Although the former President did not take any significant steps to abolish Executive Presidency when he was in power, he has now agreed – at least in principle – with the government’s intention to scrap it. At the first glimpse, one might even jump to the conclusion that the former President was ready to support the government on constitutional reforms given his concerns are addressed. However, the pro-Rajapaksa camp’s ‘actual position’ on constitutional reforms was expressed when some members of the Abayaramaya cabal, who function as thought-leaders of the former President’s ultra-nationalist political campaign, held a press briefing in Colombo yesterday.

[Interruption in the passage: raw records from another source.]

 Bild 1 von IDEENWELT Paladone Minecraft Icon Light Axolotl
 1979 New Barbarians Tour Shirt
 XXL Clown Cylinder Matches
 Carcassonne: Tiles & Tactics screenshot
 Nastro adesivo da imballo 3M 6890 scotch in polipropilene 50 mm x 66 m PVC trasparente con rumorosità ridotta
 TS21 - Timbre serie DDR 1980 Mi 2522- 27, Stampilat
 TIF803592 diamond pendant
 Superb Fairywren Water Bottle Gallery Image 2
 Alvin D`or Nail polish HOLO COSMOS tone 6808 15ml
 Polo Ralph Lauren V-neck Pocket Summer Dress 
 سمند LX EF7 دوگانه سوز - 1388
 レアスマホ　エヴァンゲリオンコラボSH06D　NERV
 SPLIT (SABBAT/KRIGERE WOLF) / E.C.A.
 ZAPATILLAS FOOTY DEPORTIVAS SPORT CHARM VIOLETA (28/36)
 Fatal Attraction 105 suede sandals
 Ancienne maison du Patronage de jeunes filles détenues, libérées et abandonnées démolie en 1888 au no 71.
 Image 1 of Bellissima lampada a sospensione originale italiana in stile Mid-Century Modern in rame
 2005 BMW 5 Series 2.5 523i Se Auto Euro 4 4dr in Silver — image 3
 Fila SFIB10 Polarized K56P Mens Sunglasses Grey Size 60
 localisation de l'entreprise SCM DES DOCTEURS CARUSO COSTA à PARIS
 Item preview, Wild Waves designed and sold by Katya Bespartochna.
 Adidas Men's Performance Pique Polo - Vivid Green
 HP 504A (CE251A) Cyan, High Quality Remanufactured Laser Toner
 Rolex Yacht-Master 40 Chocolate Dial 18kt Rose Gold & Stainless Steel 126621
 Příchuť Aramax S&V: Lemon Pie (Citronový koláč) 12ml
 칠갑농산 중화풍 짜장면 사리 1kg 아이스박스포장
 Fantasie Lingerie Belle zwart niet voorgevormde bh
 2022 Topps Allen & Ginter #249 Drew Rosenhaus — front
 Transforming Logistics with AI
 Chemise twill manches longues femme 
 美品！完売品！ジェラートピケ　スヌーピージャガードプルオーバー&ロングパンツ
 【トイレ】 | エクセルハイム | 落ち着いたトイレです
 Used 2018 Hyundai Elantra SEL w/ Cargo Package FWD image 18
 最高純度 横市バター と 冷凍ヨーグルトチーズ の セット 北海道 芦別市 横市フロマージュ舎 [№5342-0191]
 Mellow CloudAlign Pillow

“The enactment of a new constitution is not an urgent need of the country, but the present government is trying to fulfill the needs of the western community,” Dr. Gunadasa Amarasekara, a staunch backer of the former President said, speaking to reporters at the Abhayaramaya yesterday.
He also said that the anti Sri Lankan western communities did not want to change the country’s electoral system or to abolish executive presidency. “Their only intention is to form a separate state in the North and East,” Amarasekera added.
Meanwhile, another associate of the former President Ven. Bengamuwe Nalaka Thera said that the prevailing constitution was a very powerful constitution fulfilling the needs of the country. According to Nalaka Thera, the only minus aspect of the current constitution is the 13th Amendment, introduced under the presidency of J.R. Jayewardene. By making this remark, the Thera strongly contradicted the statement made by the former President, supporting the abolition of Executive Presidency.
“But the present government is trying to make the 13thAmendment more powerful while removing the 6th amendment to the constitution which is very important to the country. By enacting a new constitution, the government trying to fulfill the requirements of USA, UK, UN and UNHRC,” he said.
It is important to understand that the conflicting views expressed by two groups of the same party cannot be interpreted as an “accident”. It is a strong sign that the same group, while overtly supporting the ‘rationale’ behind the constitution amendment, will try its best to sabotage the whole process by resorting to “patriotic rhetoric”. On one front, the former President’s group representing Parliament will attempt to block constitutional reforms citing ‘technical issues’ and on the other front, his Abhayarmaya supporters will vehemently oppose the move citing possible threats to national security and “western conspiracies”.